I get a couple of puzzling results in my (repeated event) cox model when I introduce interaction effects. I will here pose several questions about interaction effects (in survival analysis context) in order to – hopefully– once for all to get the answers to these questions. I've checked similar posts, related to this matter (1, 2, 3, 4, 5, 6, 7, 8 ), and some of them are unanswered, while the others are answered ambiguously. Some of them are helpful. In general, I belive there is a need (and interest in) for some clarification about interaction effects – a quite complicated area for all quantitative methods–focused student/professionals.
Ultimately, my questions relate to the logic behind interactions and their subsequent interpretation in the analysis. Below I present 5 different scenarios/models derived from my data analysis – but I extend them a bit to also include other examples that might be of help for me and (hopefully) for other people on this website.

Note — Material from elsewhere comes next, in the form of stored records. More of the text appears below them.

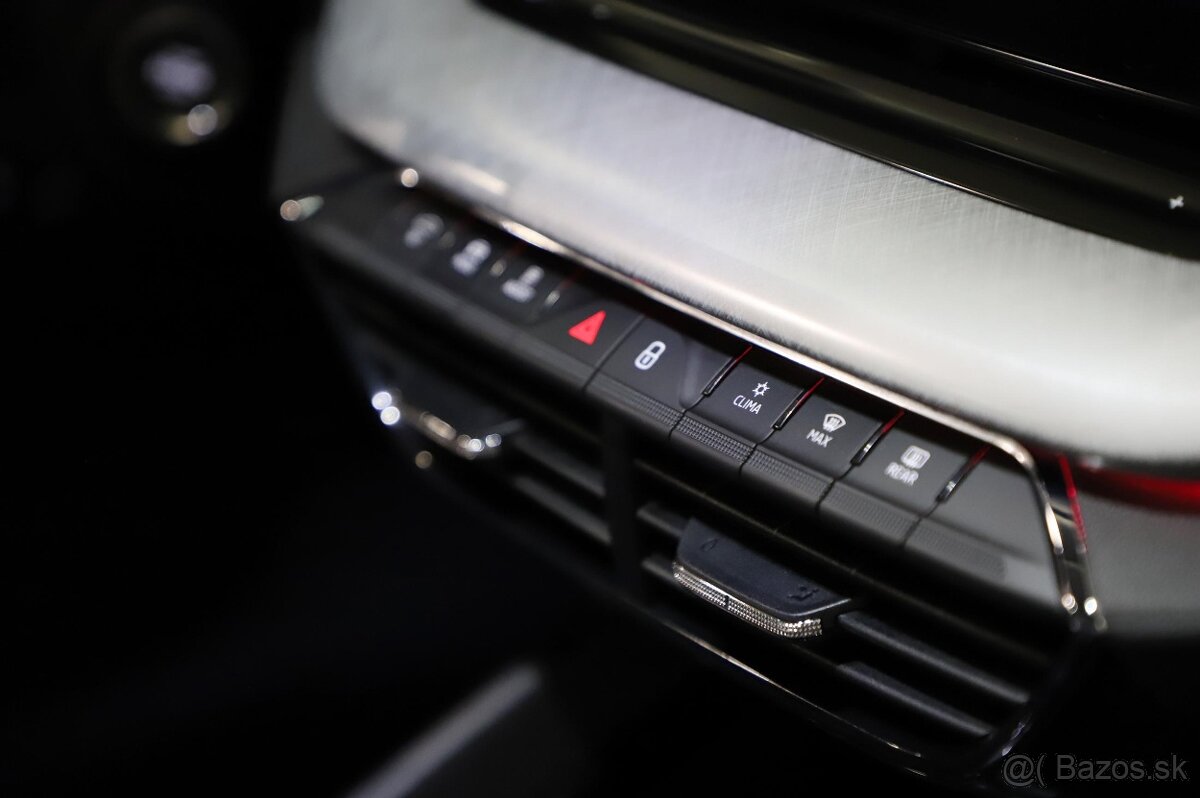 Škoda Octavia 4 Combi 2.0 TDI 110kW DSG automat - 18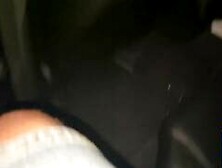 Public Parking Mall Sex With My Boss's Big-Ass Girl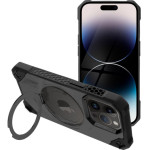 Is Mag Armor Iphone 13 Pro Max Black Backcover - (MAGARMIP13PM)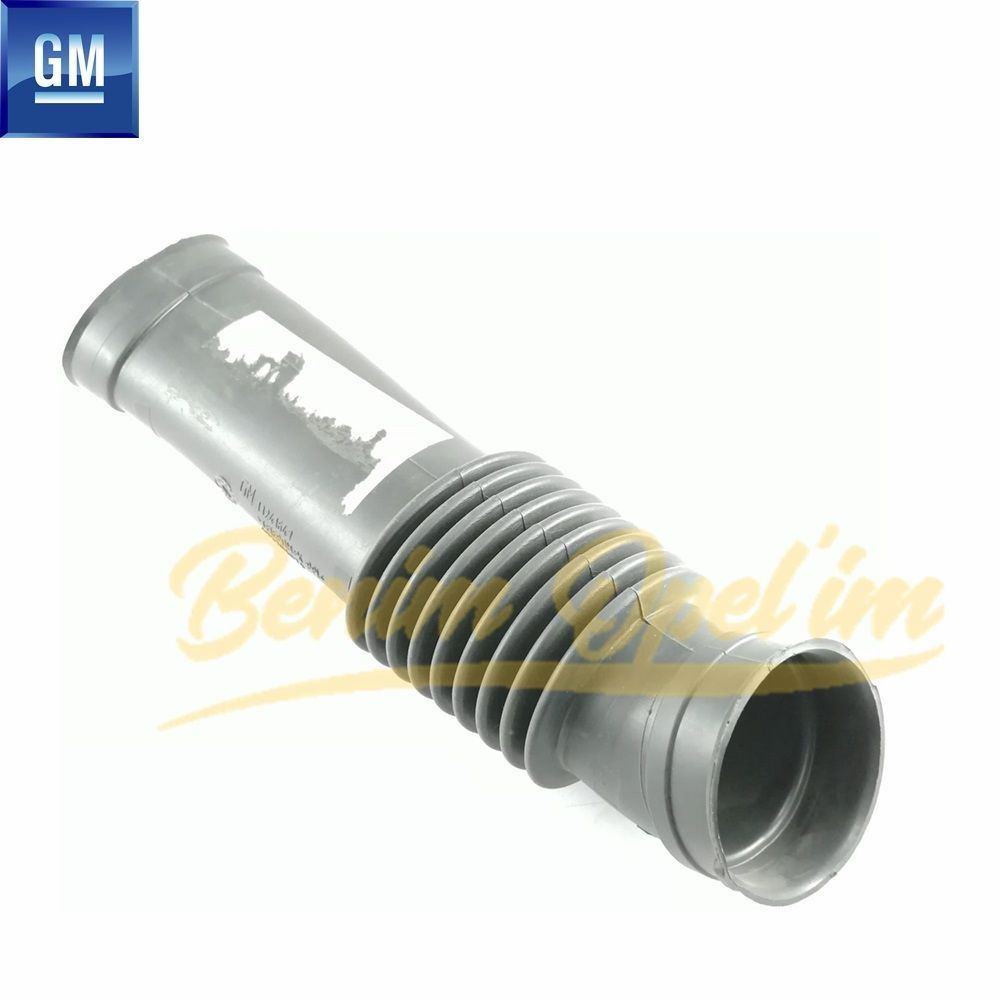 Product Code : 5834048 - Opel Corsa D Front Air Filter Inlet Pipe 1.3 Diesel GM Original 5834048 - 13241647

For every scenario, I provide my own interpretations (in order to capture the essence and logic, they're not comprehensive interpretations) – so those of you who are able to answer, please reject or support them. If possible, provide a correct answer and elaborate why something was incorrect.
- Scenario 1
Suppose that I have a model with 2 covariates where one of the covariates is my main explanatory variable (note that it makes sense to have this variable without an interaction term as well). Guided by my theoretical considerations, I (also) introduce an interaction term between them.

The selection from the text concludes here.